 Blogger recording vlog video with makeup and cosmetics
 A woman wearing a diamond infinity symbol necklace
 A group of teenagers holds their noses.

★ ★ ★ ★

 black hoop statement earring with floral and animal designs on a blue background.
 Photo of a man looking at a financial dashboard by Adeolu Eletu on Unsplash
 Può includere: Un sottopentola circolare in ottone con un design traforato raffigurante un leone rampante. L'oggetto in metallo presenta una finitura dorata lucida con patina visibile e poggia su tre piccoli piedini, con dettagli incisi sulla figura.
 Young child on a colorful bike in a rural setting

★ ★ ★ ★

● **Directions for this task**:
Look above for the line with "Photo of a man" and the line with "Young child on". Write out those two lines and all the lines between them, exactly, and no others.

● **Your solution**:
 Photo of a man looking at a financial dashboard by Adeolu Eletu on Unsplash
 Può includere: Un sottopentola circolare in ottone con un design traforato raffigurante un leone rampante. L'oggetto in metallo presenta una finitura dorata lucida con patina visibile e poggia su tre piccoli piedini, con dettagli incisi sulla figura.
 Young child on a colorful bike in a rural setting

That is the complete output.